Breaches of UK data protection laws during 2016 attracted some 35 fines totalling £3,245,500 – almost double the 2015 total of 18, an audit firm points out. Now with just under a year to go until the biggest change in privacy laws for over 20 years, UK organisations risk even larger fines if they fail to ensure compliance with the General Data Protection Regulation (GDPR), according to PwC.
The firm analysed the UK Information Commissioner’s Office (ICO) data protection enforcement actions over the past five years, specifically looking at monetary penalties, enforcement notices, prosecutions and legal undertakings. The analysis for 2016 found that that 23 enforcement notices were issued in 2016 – when organisations are required to take steps to ensure compliance after a data breach – compared with the nine notices issued in 2015.
The UK was one of the most active regions for regulatory enforcement action in Europe last year, with Italy (fining 3.3m euros). But whereas the Continental pattern has seen comparatively low volumes of regulatory enforcement actions, with low level financial penalties, this is in stark contrast to the US where fines of about $250m were served, PwC says. Its recent CEO Survey found that 90pc of CEOs around the world believe breaches of data privacy and ethics will have a negative impact on stakeholder trust, so the time to put this top of the agenda is now before GDPR becomes law from May 2018 across the EU. From then on, a variety of new compliance obligations will be imposed, including new rules about breach disclosure, data portability, and data use consent. Organisations that fail to comply could face penalties of up to 4pc of global turnover or €20m depending on which is higher.
Stewart Room, PwC’s global cyber security and data protection legal services leader, said: “The ICO can currently issue fines up to £500,000, but with this set to increase to up to 4 per cent of global turnover under the new regulation, UK organisations must use the remaining time to prepare for GDPR compliance before May next year. We’ve performed more than 150 GDPR readiness assessments with our clients around the world. Many struggle to know where to start with their preparations, but also how to move programmes beyond just risk reviews and data analysis to delivering real operational change.
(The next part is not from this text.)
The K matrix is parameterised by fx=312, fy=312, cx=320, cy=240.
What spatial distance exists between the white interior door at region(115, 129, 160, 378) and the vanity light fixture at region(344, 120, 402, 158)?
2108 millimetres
“It’s impossible to ignore the impact of legal and regulatory change in this area in recent years. The GDPR has already been a force for good by bringing the issue to much wider attention. After all, who can argue against what is essentially a code for good business, where privacy by design becomes part of everyday operations?”
Comments
Rob Ashworth, UK Hosting Solutions and SMB at Insight UK, said: “The latest research from PwC highlights that despite repeated calls to action from industry experts, companies in the UK are still struggling to safeguard customer data, continuing to experience the devastating first-hand impact of breaches. With the ever-increasing advancements being made in technology, the amount of data available to businesses is remarkable. Whilst this information can be used towards providing valuable insights about customers, internal operations and employees, holding data comes with great responsibility to keep it secure. The vastness of data organisations now have access to make it complex to track and store safely, yet in light of recent cyber-attacks, it is more important than ever for businesses to take every measure to protect themselves.Whilst investing in people, procedures and technologies helps organisations to become more proactive in their approach to cyber security, it is crucial for businesses to use public breaches as learning opportunities. The more organisations share when an attack has occurred, the better their stance is to defend themselves next time.”
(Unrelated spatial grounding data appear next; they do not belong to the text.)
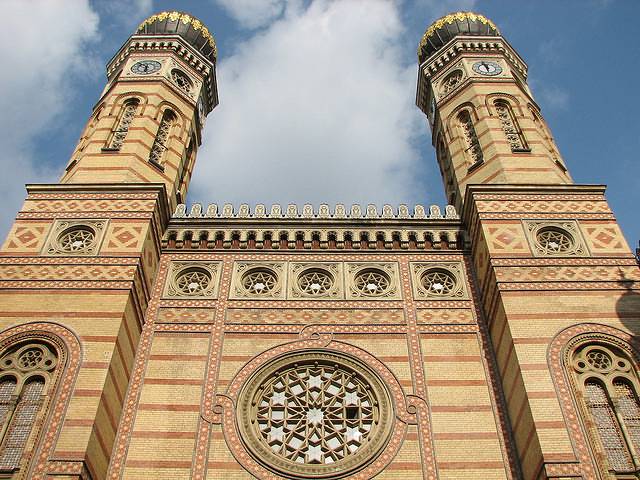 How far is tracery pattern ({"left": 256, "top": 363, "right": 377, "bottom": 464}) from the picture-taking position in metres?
9.35

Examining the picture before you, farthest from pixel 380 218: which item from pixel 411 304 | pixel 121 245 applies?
pixel 121 245

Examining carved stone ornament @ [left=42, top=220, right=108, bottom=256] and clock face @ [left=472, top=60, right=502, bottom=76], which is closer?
carved stone ornament @ [left=42, top=220, right=108, bottom=256]

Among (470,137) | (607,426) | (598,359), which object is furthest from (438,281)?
(470,137)

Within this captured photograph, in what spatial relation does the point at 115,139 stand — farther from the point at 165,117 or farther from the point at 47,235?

And Rob Norris, VP Head of Enterprise and Cyber Security EMEIA at Fujitsu, said: “We are now in an age where cybercrime and data breaches are inevitable, and with the increasing severity of sanctions against those who fail to put in adequate protection measures, it’s time every business makes cyber-security a priority.”
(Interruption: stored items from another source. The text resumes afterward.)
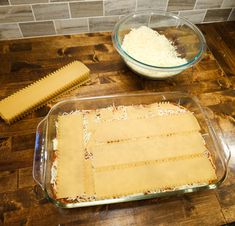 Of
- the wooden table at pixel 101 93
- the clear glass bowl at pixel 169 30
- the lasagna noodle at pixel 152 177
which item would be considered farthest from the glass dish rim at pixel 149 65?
the lasagna noodle at pixel 152 177

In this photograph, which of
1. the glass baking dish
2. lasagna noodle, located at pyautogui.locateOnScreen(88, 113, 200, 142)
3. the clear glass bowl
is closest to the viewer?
the glass baking dish

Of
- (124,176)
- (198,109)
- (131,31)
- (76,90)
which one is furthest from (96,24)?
(124,176)

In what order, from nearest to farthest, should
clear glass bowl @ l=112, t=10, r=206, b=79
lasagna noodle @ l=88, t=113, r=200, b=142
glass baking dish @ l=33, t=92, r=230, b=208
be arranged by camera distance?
1. glass baking dish @ l=33, t=92, r=230, b=208
2. lasagna noodle @ l=88, t=113, r=200, b=142
3. clear glass bowl @ l=112, t=10, r=206, b=79

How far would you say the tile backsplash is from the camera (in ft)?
2.81

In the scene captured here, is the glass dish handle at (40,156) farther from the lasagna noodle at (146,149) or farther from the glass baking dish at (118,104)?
the lasagna noodle at (146,149)

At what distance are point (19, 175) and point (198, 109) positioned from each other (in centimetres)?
52

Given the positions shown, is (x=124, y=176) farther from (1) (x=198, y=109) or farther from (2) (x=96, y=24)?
(2) (x=96, y=24)

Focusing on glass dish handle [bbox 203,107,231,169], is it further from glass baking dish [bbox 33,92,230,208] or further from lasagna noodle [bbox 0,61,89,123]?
lasagna noodle [bbox 0,61,89,123]

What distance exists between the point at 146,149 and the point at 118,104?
6.8 inches

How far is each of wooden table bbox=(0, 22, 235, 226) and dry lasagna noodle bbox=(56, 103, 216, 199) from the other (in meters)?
0.05

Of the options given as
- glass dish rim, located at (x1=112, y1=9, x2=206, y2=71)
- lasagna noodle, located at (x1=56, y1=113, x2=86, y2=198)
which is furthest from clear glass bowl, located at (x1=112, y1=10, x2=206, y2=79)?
lasagna noodle, located at (x1=56, y1=113, x2=86, y2=198)

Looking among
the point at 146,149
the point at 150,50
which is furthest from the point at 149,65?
the point at 146,149

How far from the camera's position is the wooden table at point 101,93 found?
582mm

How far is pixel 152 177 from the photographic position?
0.61 m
“Information is the lifeblood and wealth generator of almost every organisation, and anyone holding data, be it of consumers or businesses, is now a target. On the one hand it’s important companies conduct data inventory scans to help discover the relevant data they hold, and understand where it resides. Once that’s done they need to speak to specialists who can help them create a holistic solution that prioritises the protection of critical data. On the other hand, this must work in tandem with a culture shift within organisations that prioritises and creates awareness of protective measures against cyber-crime. Phishing attacks and human error are two of the most common causes of a breach, and the positive thing is organisations do have the power to prevent such instances from happening.”
“As the number of these threats continue to increase exponentially, no businesses nor consumer can afford for cyber-security not to be their number one priority. We have seen how data breaches and cyber-attacks do indeed have both reputational and financial ramifications, and its time business took steps to protect themselves.”